At 8/29/2011 11:57 AM, Anonymous Anonymous said...

Larry, the only "disciple from the 'don't bother me with facts, my mind is made up' Church" is you. Of course I want to get rid of Medicare and Medicaid also, those are even bigger time bombs, but we seem to agree about those, so obviously there's not much to talk about there. All the entitlements will be slashed- we should get rid of all of them altogether, along with cutting "defense spending" by at least two-thirds- but you don't seem to understand that SS is as much at risk as all of them, precisely because SS is a ponzi scheme where the politicians steal the "trust fund" surpluses, as you well know but choose to try and lie about.

 
At 8/29/2011 12:06 PM, Blogger Larry G said...

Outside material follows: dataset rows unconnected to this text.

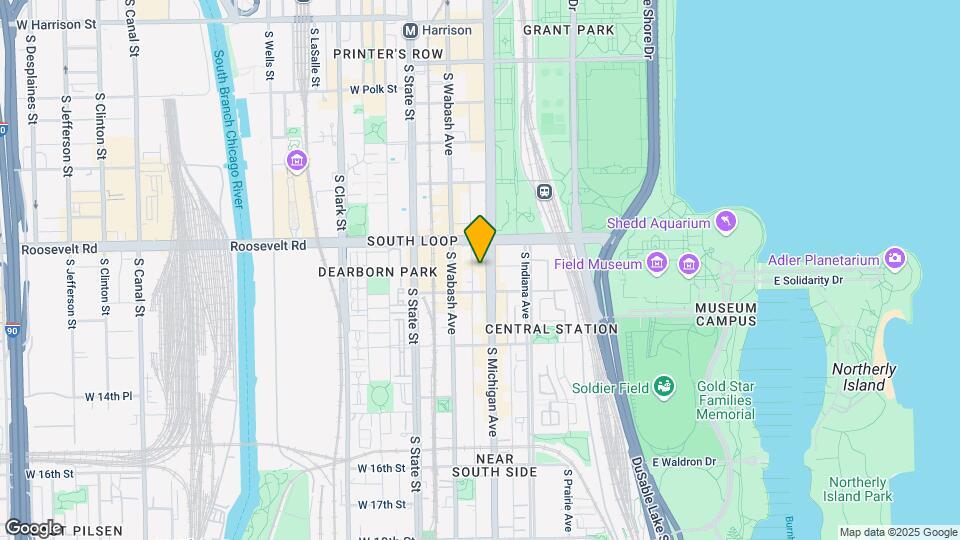 1212 S Michigan Ave Mapa y Detalles de la Ubicación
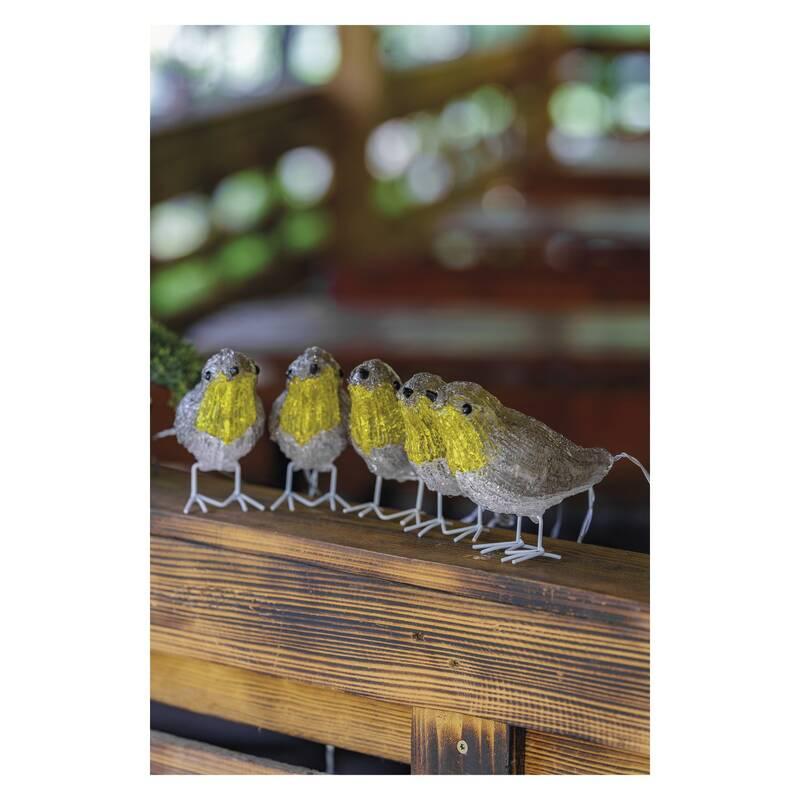 LED dekorace EMOS 30 LED ptáčci, 11 cm, venkovní i vnitřní, studená bílá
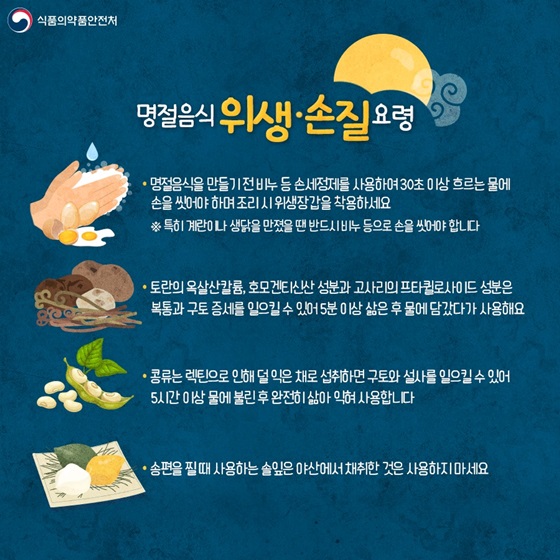 명절음식 위생·손질 요령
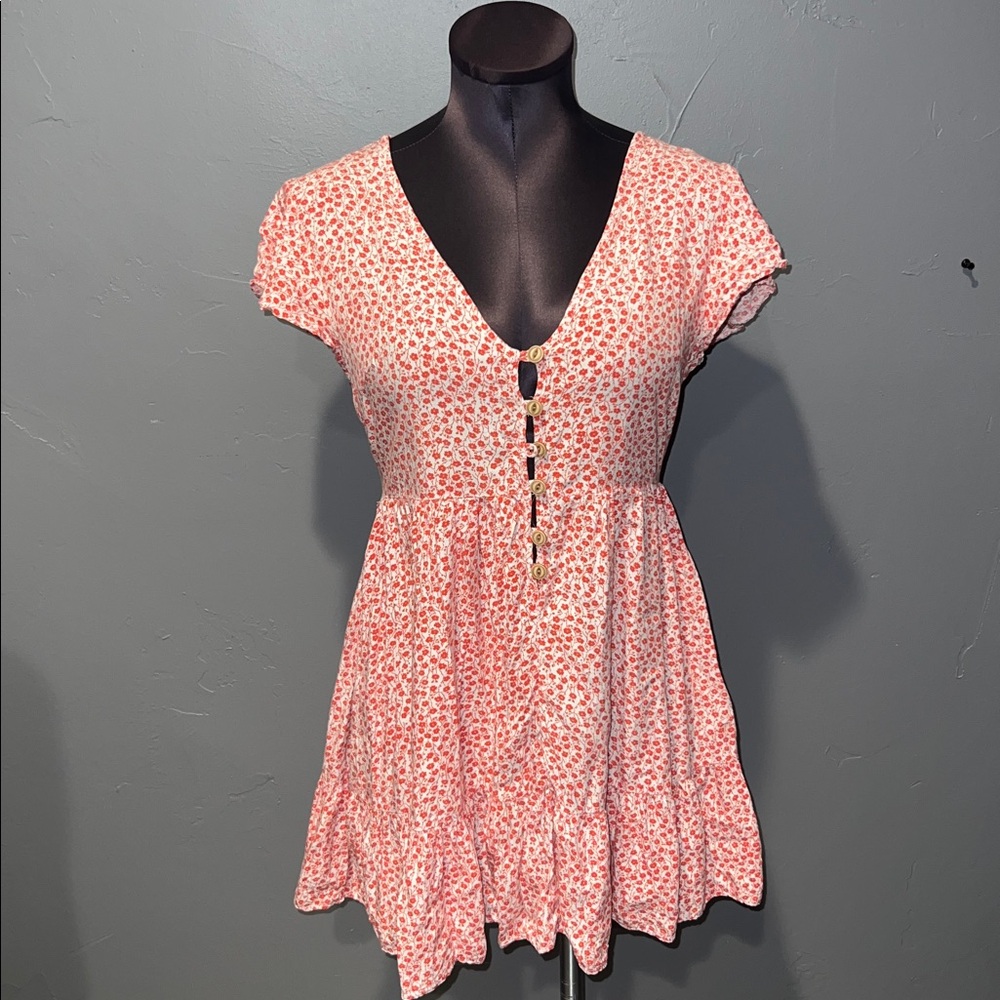 Hello Molly red/white flower pattern dress!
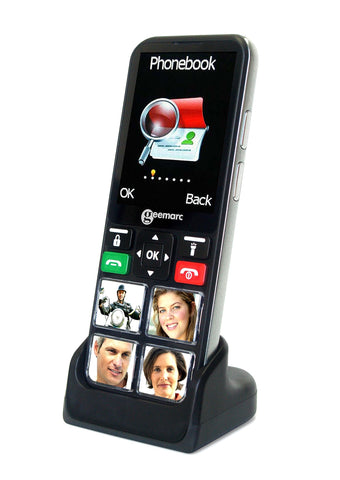Geemarc CL595 Big Button Corded Amplified Photophone With Answering Machine And Extra Cordless Handset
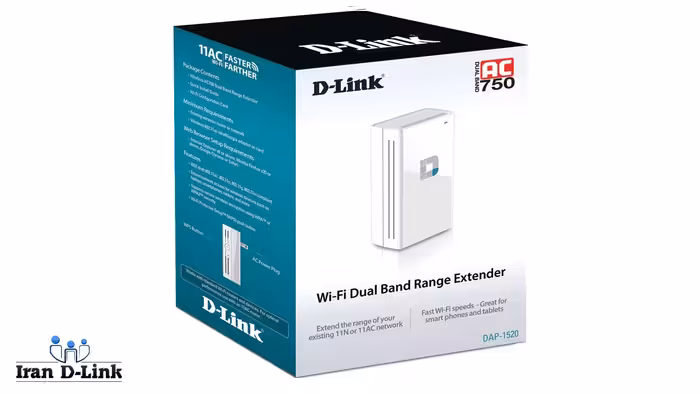 رنج اکستندر و ریپیتر AC750 دوبانده دی لینک DAP-1520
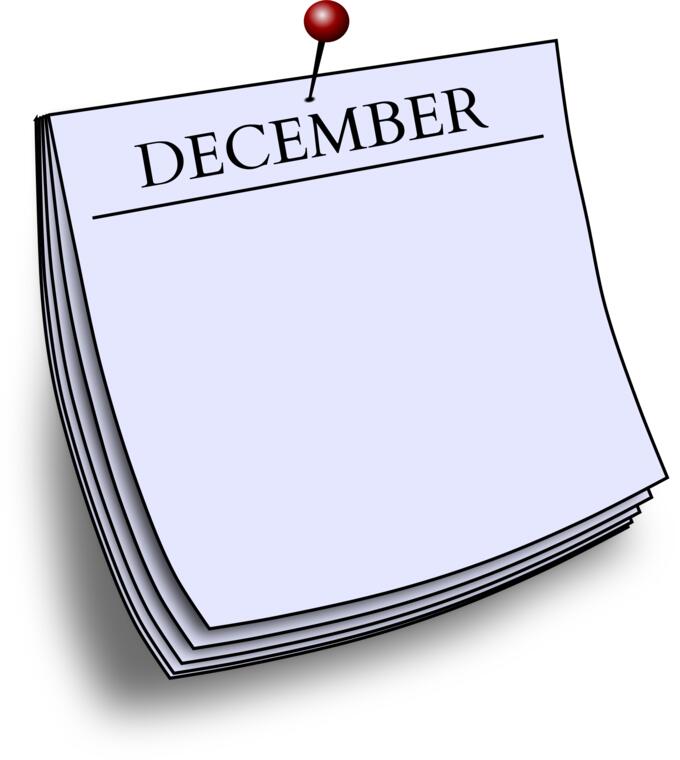 Monthly note - December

" you well know but choose to try and lie about. "

I provide you with credible links with the facts.. it's not my views...it's the facts directly from the Social Security folks.

SS is a pay-as-you-go program - the same as a majority of private insurance sold in the US.

over 65+ years ..instead of deficits and instead of require money from general revenues - it has generated a SURPLUS.

and if you bothered to check the 30 options available for reform - a majority of them also do not require increased taxes either.

there might well be a legitimate debate about the concept of SS but your attack on it is based on lies, misrepresentation and disinformation that you suck up from the world of right wing idiots.

My view here is that if you can't or won't deal with the simple facts and truth about an issue then what good are you to start with..???

In order to have any reasonable discussion -on the merits - once has to be willing to use facts - and one has to be willing to want to use facts.

the program has gone 65+ years and stayed solvent - and there are 30+ straight-forward adjusts that are available to keep in solvent for another 100 years.

so your advocacy to kill it is NOT based on finances .. but instead on an ideology.

by the way.. I have no dog in the SS hunt guy.. but I do care about the truth in any debate...and have a dim view of those who purposely distort facts.